◆ Your task:
Below is a listing; write it out exactly and drop any images from it.
[Opening The data section]
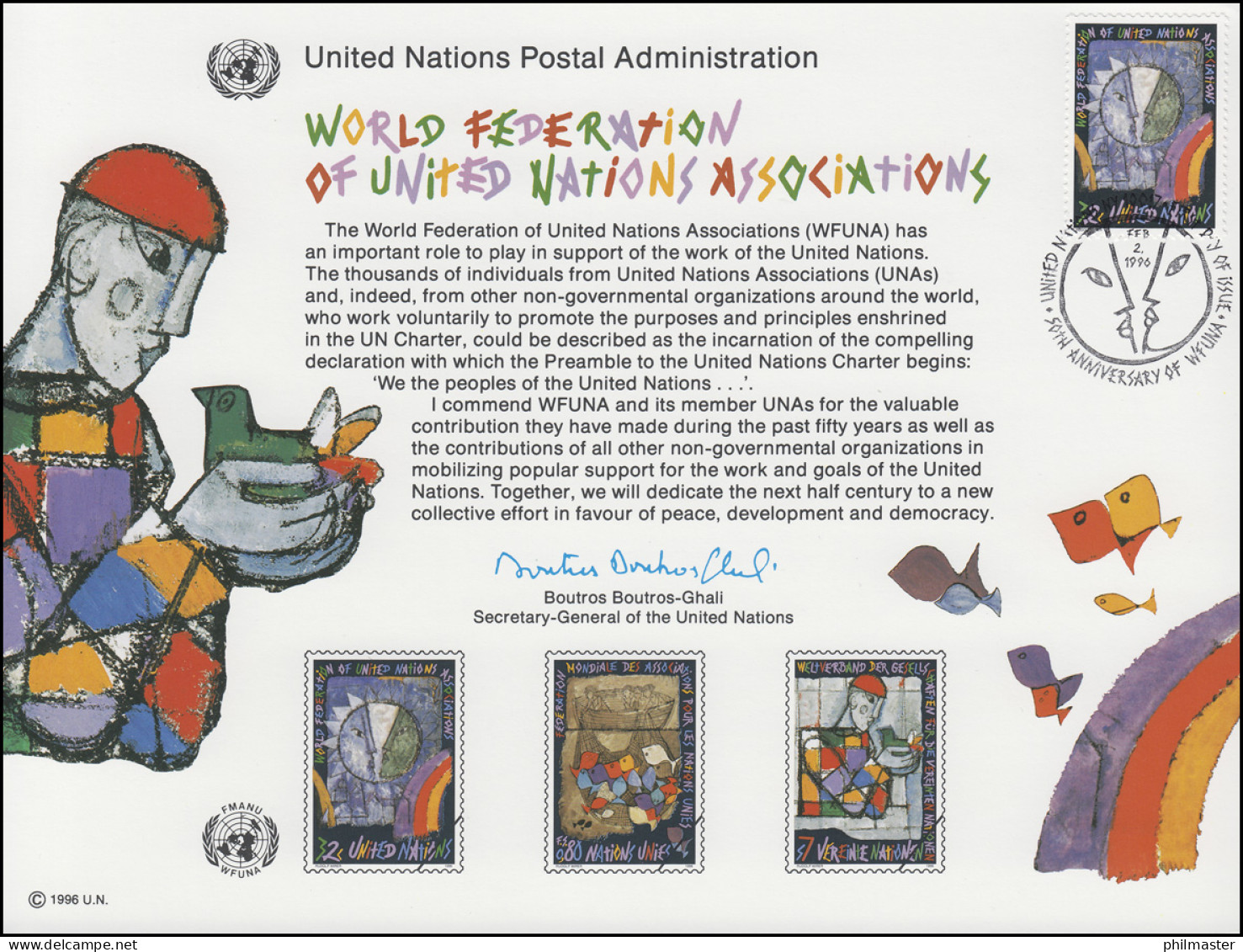 UNO Erinnerungskarte EK 49 WFUNA 1996, NY-FDC 2.2.1996 - Autres & Non Classés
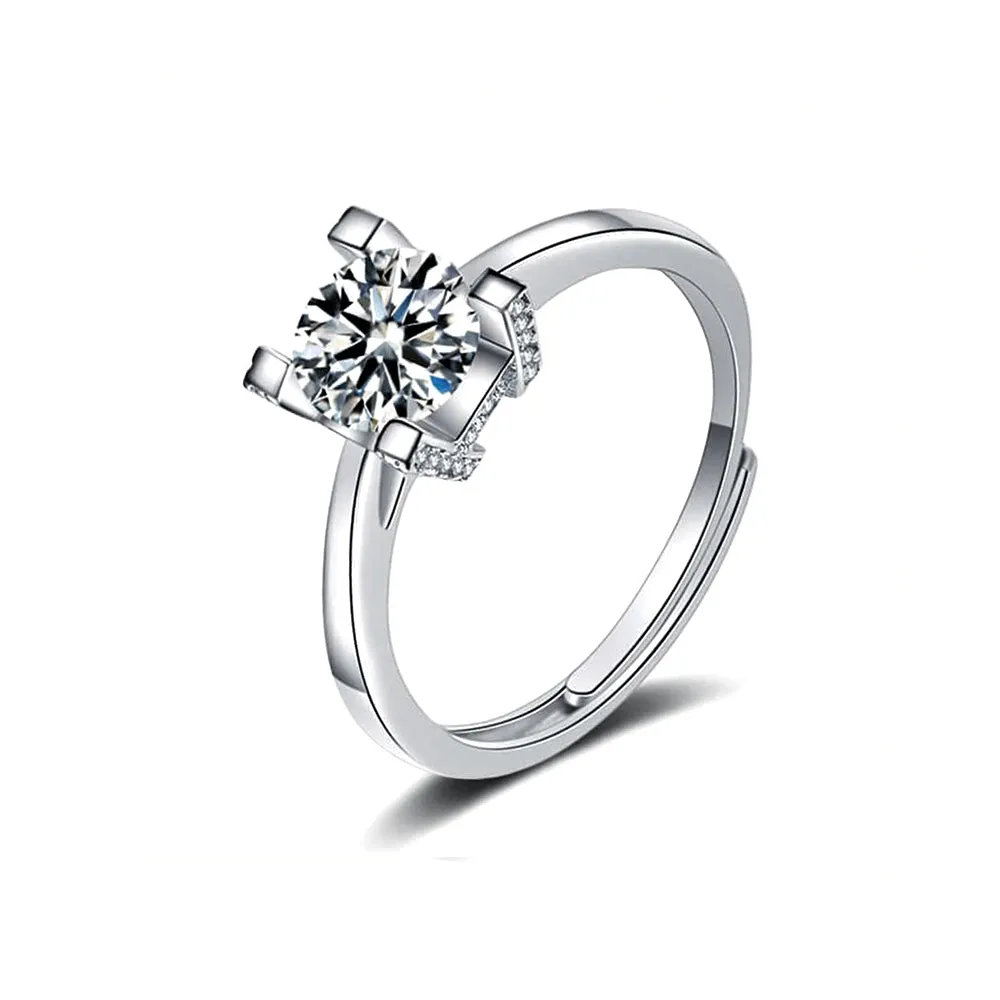 Letter H Square Moissanite Ring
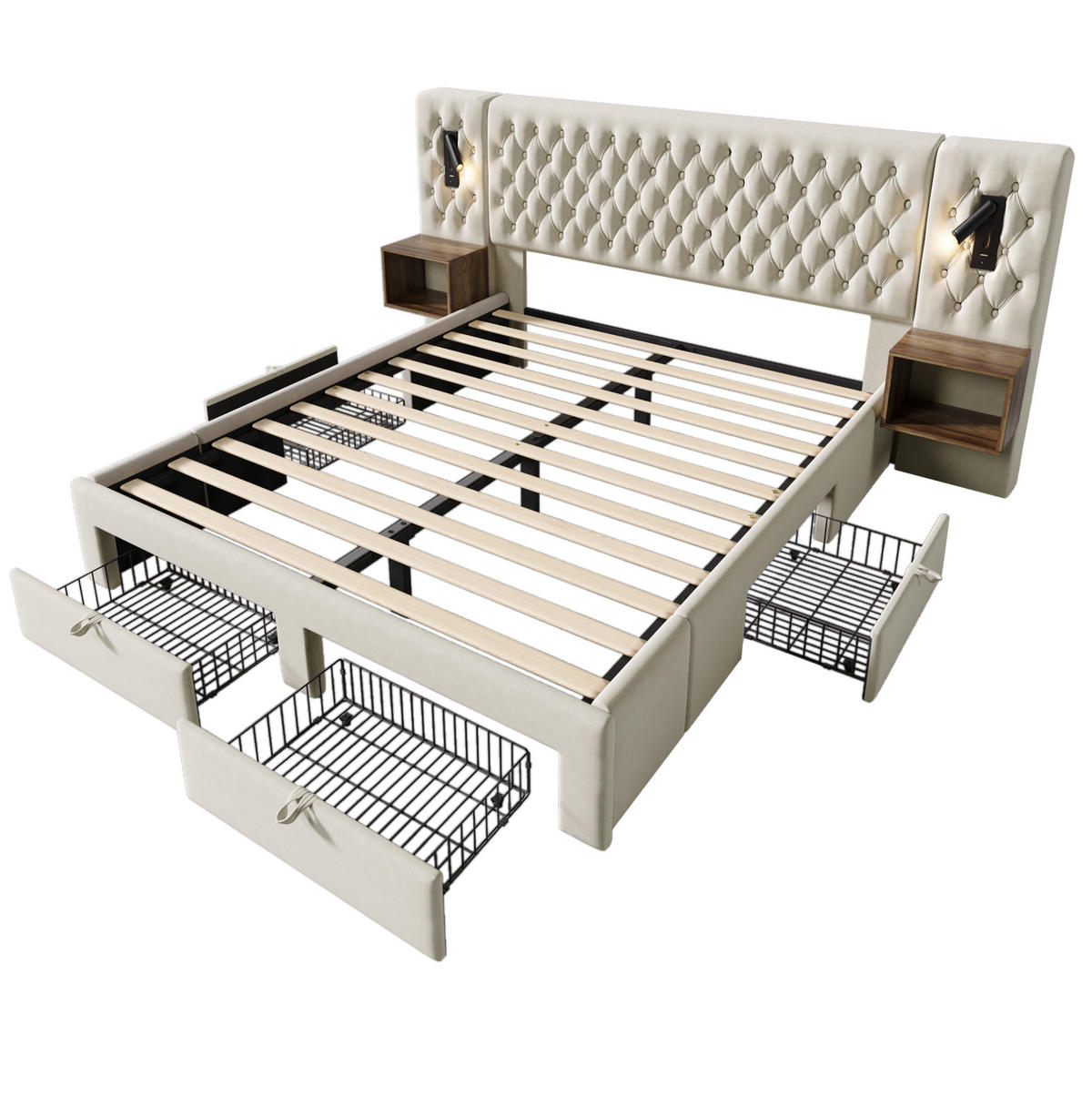 POLSTERBETT 160/200 cm in Beige mit Matratze, 4 Schubladen und USB- und Type-C-Anschlüssen - Beige, Textil (160/200cm) - Flora Grace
[Closing The data section]
◆ Task output:
 UNO Erinnerungskarte EK 49 WFUNA 1996, NY-FDC 2.2.1996 - Autres & Non Classés
 Letter H Square Moissanite Ring
 POLSTERBETT 160/200 cm in Beige mit Matratze, 4 Schubladen und USB- und Type-C-Anschlüssen - Beige, Textil (160/200cm) - Flora Grace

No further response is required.